Photo credit: Steven Sebring
Jesse Malin
There’s a lonely and wistful beauty inherent throughout Sunset Kids, the latest studio effort by Jesse Malin. With his ninth solo album, the former D Generation frontman threw in his lot with old friend Lucinda Williams, who produced this 14-song outing with her husband-manager Tom Overby helping out as an executive producer.
The idea of Williams producing this project came after Malin accepted an invitation to watch her open for Tom Petty and the Heartbreakers at the Hollywood Bowl in what would be the late Rock and Roll Hall of Famer’s last concert.
“I had dinner with Lu and Tom (Overby), and I threw the idea of her producing my next record. They seemed really up for it, so I told them to let me send them more music before I let them decide. I did that, and a week later Petty passed away, sadly. Then there was that Vegas shooting, and it was a really rough time, so everything kind of got pushed back,” Malin says. “We decided to try and put our toe in the water to try and do it around Christmastime 2017. Lucinda and I decided to try and beat the holiday blues by working through Christmas. Why not? It sounded like a fun idea doing it in L.A. with no snow.”
By the time mastering and mixing took place in August 2018, the loss of Petty was augmented by the passing of a number of people close to Malin, including David Bianco (who engineered Sunset Kids), longtime friend and D Generation bandmate Todd Youth and the Queens native’s father. Understandably, these losses reverberate throughout Sunset Kids.
“Sunset Kids was also a thing about life being for the living. Not to be morbid, but there is a thing with music and art that can keep the spirits of these people alive,” Malin says. “Songs like ‘Shining Down’ and even ‘Meet Me at the End of the World’ are about finding a way to keep going on through gentrification and whatever is going on in the world—climate change and politics and things that people might not agree with me on. There’s all this negativity, and we’ve got to find a way to live each day like it’s our last or best.”
Having recently entered his early 50s, Malin is at a crossroads in life where introspection and these kinds of personal losses have yielded some truly deep and meaningful art. The jangly aforementioned “Shining Down” reverberates with lines about “keeping alive the spirits of the ones we’ve lost,” while the world-weary, ethereal twang of “Room 13” and its couplets about “Thinking about love / And I walked away like those others do” echoes with the kind of gorgeous melancholy you hear on a Williams gem. (No surprise here, given that she co-wrote this song with Malin and Overby.) Elsewhere, “Promises” carries a “Wild Horses” vibe to it, while “Chemical Heart” is a pop earworm punctuated by perky Farfisa organ runs, as nods to Ike and Tina Turner, Bernie Taupin and Jake LaMotta are liberally sprinkled throughout.
Malin is nothing if not a fighter and, more importantly, a survivor.
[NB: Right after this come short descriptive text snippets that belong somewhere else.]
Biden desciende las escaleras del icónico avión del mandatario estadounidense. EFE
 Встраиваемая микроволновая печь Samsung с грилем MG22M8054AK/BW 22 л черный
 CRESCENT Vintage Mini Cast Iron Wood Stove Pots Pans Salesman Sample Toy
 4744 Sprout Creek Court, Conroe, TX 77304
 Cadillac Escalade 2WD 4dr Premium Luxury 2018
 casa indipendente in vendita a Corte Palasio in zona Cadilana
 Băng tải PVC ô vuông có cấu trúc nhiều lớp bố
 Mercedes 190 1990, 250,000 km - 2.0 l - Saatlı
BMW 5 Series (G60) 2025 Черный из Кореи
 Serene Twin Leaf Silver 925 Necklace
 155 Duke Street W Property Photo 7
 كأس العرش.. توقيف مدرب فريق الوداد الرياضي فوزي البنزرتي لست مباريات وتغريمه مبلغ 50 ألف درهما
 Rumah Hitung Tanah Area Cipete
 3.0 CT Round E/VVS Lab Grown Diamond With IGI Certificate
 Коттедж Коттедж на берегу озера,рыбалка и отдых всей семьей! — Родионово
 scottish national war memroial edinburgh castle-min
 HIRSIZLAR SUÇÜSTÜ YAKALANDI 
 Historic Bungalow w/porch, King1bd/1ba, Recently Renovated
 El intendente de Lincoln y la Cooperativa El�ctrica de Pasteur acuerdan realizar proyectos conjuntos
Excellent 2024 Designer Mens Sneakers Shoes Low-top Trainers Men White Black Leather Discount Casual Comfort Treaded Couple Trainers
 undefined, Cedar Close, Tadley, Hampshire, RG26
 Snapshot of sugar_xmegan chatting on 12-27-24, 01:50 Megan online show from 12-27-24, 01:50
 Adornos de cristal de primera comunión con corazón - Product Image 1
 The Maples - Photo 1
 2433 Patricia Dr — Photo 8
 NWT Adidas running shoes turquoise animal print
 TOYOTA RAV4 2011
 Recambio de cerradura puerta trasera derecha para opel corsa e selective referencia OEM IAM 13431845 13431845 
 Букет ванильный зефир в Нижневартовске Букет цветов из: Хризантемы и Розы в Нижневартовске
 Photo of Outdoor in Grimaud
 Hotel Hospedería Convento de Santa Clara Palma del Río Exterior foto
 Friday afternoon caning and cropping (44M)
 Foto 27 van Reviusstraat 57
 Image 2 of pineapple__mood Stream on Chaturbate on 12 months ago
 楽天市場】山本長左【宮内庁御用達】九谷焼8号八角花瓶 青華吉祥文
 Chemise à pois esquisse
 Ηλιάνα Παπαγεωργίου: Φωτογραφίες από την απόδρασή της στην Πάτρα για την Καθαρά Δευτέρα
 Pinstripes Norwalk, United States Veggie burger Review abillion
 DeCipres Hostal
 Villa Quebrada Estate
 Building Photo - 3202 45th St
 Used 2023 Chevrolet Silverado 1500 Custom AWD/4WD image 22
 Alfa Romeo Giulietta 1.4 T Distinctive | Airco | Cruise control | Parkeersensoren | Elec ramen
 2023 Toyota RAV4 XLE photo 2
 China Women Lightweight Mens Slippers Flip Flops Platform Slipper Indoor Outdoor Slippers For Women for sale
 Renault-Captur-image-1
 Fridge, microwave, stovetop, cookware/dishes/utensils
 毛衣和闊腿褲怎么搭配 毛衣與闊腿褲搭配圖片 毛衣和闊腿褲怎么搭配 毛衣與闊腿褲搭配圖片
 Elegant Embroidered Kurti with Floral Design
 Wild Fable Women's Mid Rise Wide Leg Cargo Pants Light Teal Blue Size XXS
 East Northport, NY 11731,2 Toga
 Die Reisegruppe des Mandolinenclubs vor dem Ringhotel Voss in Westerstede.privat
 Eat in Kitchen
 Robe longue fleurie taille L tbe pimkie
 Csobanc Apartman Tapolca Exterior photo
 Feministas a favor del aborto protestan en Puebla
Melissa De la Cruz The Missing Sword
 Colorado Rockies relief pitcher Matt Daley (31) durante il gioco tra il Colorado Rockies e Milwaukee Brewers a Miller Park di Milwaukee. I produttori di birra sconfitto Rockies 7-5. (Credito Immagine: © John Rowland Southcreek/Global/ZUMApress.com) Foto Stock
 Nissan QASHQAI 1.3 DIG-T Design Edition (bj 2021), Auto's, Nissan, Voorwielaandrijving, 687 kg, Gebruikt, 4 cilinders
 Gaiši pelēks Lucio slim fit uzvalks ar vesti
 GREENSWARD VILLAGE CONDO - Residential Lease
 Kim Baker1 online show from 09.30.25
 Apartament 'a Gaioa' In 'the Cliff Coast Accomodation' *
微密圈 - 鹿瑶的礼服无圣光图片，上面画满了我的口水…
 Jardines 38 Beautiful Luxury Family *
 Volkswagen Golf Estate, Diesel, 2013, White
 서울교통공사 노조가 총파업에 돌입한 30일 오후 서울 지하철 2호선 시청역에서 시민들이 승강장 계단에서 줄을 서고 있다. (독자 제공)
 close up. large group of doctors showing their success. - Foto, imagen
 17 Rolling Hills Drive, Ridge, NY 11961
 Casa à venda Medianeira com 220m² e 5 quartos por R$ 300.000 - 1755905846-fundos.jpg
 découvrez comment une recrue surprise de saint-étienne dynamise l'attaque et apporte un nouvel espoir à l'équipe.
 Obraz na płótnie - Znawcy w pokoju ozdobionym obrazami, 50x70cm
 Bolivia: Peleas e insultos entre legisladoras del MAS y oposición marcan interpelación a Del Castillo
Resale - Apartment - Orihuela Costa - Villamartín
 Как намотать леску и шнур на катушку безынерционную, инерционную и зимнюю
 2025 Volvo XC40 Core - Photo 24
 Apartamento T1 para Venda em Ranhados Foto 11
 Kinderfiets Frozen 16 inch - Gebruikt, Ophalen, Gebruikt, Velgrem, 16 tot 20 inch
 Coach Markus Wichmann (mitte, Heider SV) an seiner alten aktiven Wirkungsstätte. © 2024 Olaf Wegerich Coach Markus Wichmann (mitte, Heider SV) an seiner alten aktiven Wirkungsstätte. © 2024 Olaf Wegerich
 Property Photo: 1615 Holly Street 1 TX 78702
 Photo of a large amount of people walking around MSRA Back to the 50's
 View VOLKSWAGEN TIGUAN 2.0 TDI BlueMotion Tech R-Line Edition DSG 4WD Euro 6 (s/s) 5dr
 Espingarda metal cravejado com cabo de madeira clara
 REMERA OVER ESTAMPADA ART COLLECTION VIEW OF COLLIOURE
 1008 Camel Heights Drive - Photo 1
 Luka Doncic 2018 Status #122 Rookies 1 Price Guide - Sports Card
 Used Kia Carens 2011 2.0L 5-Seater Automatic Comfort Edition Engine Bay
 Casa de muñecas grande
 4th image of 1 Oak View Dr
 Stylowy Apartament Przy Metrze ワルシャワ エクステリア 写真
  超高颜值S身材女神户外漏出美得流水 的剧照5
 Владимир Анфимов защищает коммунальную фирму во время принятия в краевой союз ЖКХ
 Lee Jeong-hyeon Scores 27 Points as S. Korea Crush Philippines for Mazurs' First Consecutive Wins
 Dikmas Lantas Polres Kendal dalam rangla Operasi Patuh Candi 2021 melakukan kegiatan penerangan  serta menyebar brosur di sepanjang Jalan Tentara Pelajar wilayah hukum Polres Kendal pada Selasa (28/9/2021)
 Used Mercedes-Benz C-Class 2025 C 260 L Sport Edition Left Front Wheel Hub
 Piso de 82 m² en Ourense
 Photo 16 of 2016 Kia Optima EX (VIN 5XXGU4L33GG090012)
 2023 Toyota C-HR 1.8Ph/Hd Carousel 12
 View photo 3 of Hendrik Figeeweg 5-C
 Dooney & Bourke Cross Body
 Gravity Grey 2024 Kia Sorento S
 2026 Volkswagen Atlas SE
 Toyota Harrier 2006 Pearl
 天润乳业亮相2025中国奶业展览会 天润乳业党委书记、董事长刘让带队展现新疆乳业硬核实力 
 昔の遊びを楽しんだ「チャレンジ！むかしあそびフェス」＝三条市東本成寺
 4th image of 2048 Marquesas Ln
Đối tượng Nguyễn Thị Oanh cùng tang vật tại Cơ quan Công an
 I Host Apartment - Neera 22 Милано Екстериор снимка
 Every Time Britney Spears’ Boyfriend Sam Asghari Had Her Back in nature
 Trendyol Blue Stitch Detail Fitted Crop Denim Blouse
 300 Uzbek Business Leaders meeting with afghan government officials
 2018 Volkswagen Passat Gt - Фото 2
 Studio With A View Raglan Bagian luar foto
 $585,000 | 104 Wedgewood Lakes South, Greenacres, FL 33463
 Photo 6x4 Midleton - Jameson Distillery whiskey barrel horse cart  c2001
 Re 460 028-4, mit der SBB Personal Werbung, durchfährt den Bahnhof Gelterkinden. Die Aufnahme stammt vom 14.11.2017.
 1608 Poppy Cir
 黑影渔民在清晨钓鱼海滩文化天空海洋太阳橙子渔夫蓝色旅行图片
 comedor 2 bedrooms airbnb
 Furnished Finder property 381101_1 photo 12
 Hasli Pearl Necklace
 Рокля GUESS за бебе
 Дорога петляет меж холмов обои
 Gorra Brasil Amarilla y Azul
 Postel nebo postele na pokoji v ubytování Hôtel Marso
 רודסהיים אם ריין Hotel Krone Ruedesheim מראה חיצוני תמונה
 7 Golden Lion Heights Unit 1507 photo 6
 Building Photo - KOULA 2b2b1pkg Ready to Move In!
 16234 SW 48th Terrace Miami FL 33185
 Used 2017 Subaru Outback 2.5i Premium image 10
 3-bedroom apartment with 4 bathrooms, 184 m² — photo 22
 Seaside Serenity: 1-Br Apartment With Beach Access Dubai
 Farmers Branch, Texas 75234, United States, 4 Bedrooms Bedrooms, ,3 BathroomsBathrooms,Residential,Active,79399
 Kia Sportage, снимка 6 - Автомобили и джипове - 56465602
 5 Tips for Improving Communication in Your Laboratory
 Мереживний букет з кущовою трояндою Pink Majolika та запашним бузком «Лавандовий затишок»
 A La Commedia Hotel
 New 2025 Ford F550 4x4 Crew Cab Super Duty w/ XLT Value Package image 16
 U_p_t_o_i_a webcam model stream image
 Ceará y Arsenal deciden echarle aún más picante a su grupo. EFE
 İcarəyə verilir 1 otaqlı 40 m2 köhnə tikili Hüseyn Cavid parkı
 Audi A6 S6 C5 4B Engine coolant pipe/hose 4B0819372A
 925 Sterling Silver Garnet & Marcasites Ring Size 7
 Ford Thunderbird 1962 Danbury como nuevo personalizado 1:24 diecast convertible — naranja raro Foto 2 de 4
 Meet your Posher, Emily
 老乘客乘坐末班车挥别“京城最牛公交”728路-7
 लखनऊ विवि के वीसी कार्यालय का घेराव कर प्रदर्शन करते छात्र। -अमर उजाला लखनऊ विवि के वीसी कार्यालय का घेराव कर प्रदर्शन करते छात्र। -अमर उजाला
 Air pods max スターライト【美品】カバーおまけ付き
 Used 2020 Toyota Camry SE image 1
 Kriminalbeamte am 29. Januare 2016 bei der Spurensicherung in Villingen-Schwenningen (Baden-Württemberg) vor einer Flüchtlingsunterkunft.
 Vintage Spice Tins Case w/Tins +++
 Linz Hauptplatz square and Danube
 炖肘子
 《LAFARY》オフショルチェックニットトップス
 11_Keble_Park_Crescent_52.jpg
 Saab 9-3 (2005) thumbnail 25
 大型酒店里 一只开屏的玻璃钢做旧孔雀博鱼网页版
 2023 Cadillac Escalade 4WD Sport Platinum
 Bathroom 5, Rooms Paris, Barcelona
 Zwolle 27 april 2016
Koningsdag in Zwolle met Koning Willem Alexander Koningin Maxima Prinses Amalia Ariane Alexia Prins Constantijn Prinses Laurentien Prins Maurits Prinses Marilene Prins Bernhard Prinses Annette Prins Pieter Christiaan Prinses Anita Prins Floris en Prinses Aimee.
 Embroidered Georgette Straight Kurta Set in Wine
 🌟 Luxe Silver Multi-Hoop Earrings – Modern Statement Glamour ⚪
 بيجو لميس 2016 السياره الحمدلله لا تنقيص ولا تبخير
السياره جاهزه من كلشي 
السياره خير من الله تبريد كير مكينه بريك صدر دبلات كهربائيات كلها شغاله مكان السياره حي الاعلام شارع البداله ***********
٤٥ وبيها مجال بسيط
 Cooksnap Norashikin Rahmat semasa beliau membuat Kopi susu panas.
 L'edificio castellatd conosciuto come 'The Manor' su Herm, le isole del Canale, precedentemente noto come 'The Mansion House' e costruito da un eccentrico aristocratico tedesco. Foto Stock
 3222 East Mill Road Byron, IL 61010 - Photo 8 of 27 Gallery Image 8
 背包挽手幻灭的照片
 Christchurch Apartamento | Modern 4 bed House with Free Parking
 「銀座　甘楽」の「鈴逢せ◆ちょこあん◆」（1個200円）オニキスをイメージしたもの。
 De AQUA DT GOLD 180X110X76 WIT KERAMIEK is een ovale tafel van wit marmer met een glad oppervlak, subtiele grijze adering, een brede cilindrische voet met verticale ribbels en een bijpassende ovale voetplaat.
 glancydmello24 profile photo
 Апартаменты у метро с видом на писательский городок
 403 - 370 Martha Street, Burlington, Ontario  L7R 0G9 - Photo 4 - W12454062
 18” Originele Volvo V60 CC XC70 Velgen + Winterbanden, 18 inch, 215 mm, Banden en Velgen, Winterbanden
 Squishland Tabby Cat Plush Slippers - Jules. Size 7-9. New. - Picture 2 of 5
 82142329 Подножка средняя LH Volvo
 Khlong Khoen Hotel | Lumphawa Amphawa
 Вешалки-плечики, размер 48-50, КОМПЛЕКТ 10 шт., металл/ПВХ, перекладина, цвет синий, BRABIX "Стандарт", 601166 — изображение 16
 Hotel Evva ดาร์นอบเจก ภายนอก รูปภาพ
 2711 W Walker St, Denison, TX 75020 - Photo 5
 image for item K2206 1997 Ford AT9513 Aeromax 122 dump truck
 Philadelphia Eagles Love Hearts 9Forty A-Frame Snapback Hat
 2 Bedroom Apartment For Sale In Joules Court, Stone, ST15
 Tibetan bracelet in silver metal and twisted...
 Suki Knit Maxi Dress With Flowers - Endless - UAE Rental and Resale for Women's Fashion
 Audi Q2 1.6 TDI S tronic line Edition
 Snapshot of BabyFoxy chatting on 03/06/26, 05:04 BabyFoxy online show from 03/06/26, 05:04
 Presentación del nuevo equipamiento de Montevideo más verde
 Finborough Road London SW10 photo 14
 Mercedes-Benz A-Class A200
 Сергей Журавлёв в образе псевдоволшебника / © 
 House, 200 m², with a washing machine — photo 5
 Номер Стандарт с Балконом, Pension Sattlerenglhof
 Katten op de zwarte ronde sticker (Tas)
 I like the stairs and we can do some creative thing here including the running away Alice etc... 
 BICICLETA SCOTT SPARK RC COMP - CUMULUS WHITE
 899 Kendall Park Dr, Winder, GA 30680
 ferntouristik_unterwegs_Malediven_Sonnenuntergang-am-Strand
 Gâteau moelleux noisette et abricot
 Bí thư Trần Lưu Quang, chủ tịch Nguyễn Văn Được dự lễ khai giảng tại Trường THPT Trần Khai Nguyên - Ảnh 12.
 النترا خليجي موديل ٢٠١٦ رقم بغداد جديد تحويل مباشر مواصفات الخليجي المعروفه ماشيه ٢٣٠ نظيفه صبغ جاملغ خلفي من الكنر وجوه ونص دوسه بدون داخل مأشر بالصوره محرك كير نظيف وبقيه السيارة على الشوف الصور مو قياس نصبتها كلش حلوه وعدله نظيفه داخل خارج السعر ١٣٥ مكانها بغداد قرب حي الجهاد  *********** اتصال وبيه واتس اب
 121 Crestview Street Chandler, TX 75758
Born and raised in Whitestone, Queens, N.Y., Malin joined hardcore band Heart Attack as a vocalist-guitarist when he was only 12. By the time he was 15, he’d run away to live in Alphabet City on the Lower East Side of Manhattan. It was the first time he felt a sense of belonging.
“It was a place where it was OK to be different and that there were other people out there like you,” he recalls. “When I got to downtown Manhattan, there were all these bookstores, record stores and people. I didn’t get beat up for being different, which is what happened in Queens a lot.”
By 1991, Malin and four other friends formed D Generation, a quintet that was a nod to the ’70s glam and punk of The New York Dolls and The Dead Boys, an era that the D Gen members missed out on. Throughout the ’90s, the band released three solid albums and brought back the downtown vibe of 1970s Manhattan by opening the punk-rock club Coney Island High and regularly hosting Green Door NYC, a long-running party night hosted by Malin and D Gen bandmate Howie Pyro. (“We tried to create a little mini-scene. I took my publishing money and did those two things. I didn’t know what I was doing.”)
“From the early frontier days of hardcore in New York to all the punk rock and singer-songwriter touring, it’s all been about survival and reinvention,” Malin said. “I wanted to make an open-sounding record with the space to tell these stories. I like to write about characters and people I meet along the way. The dreamers, schemers, hustlers, romantics, lovers, leavers and believers.”
Jesse Malin performs at Shank Hall on Monday, Nov. 11, at 8 p.m.